I finally put the components on the SWR bridge board:

SWR Bridge Schematic

The SWR bridge uses a common two-transformer directional coupler design, and should have very low excess loss.  Typically the coupled taps are designed for a 50 Ohm impedance, which makes perfect sense if you want to connect it to other test equipment.  But here we are using a full-wave rectifier diode detector design, and we can reduce the loss, or increase the sensitivity, by scaling up the impedance at the coupled ports.  Here I adjusted the transformer turns ratios to drive a 100 Ohm load at the detector ports.

3D KiCad Rendering

 It turns out that there is a downside to how quick/easy/cheap the design-to-PCB process is.  First, I spent some hours simulating various circuit options in LTSpice  Then, using KiCad for schematic capture and circuit-board layout,  I had the schematic and PCB design finished in one evening.  This included building some custom symbols and footprints for my toroid coils and the Schottky diodes I had chosen.  That same evening I sent the PCB files over the internet to JLCPCB, and selecting the next-to-cheapest delivery option I had five boards fabricated and shipped for $12.80.  Complete(!)  These were two-layer boards, but four-layer are only very slightly more expensive.  Since the component count was low, I chose to not get the stainless solder-paste stencil, but those are also quite inexpensive and certainly worth it if you have a more complicated board.

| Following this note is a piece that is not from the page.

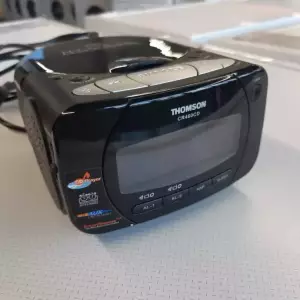 RADIO RÉVEIL — THOMSON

So what’s the downside?  It’s so easy, quick, and cheap that I  perhaps don’t spend enough time checking my work.  Turns out I had four silk screened reference designators swapped (which meant I installed those parts in the wrong location), and I had screwed up the location of two diodes in my original schematic.  Fortunately, all the traces are on the top side, and it was easy to cut traces and solder wires to fix that little SNAFU.

Board Under Test (with cuts and bodge-wires)

 With those fixes I was able to test the SWR detector with my signal generator at +20 dBm (1/10 W), and using my Drift Buoy amplifier at +30 dBm (1 W).  I was able to test with SWR of 1:1, infinity,  1.27:1, and 1.168 (these last two using a 10dB attenuator with open and shorted outputs).  I’m going to have to do more measurements at different SWRs.  I will be measuring the forward and reverse detector output voltages with the Drift Buoy A/D converter, and since the diodes are non-linear, will need to characterize the behavior at different power levels and SWR values.

Through-Loss (-0.2dB @ 10 MHz)

 The last test was a loss measurement using my spectrum analyzer and tracking generator.  I hadn’t been too concerned about behavior far away from the 10 MHz frequency of operation, but it looks like the SWR bridge behaves well beyond 100 MHz.  The loss at 10 MHz is about 0.2 dB, which is pretty good.

By the way, those white wires on the toroids are the two-turn center-tapped windings.  I used a trace on the PBC for the center-tap connection and use two hairpin wires for the turns.